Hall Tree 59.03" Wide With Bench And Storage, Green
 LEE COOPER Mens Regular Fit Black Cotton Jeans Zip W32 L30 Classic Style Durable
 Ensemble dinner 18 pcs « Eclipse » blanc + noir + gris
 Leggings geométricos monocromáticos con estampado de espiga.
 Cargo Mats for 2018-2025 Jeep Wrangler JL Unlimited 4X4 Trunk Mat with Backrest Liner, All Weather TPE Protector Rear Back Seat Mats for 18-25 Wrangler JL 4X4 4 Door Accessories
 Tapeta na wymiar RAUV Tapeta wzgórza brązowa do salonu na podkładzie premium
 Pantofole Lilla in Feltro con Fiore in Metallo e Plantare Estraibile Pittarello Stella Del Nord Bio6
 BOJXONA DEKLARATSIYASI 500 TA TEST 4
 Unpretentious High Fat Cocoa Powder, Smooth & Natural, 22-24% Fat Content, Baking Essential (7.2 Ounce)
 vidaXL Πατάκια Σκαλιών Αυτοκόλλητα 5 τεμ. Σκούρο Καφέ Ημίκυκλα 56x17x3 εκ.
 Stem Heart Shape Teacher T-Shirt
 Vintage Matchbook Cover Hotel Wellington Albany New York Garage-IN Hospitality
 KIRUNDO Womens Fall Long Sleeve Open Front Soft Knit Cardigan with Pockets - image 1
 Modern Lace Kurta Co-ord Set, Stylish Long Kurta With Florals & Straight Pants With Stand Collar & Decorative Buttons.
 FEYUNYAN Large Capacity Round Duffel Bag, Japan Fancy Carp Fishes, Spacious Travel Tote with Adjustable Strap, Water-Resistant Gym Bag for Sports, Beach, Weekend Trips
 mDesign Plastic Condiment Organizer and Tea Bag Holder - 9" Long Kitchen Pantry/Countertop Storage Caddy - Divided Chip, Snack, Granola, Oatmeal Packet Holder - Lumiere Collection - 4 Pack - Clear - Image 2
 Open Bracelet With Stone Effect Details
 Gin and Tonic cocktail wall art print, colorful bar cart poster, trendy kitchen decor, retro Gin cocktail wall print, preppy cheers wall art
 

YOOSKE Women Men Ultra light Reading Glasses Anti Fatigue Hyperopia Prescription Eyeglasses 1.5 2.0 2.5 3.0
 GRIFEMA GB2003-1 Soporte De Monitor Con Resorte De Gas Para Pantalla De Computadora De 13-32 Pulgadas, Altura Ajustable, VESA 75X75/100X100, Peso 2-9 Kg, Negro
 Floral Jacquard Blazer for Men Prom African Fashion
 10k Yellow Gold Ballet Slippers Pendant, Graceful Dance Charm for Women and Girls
---+---
▶ YOUR TASK
Work out how many lines of the data include the word "Storage". Then write only that number.

▶ RESULT FOR THIS TASK
2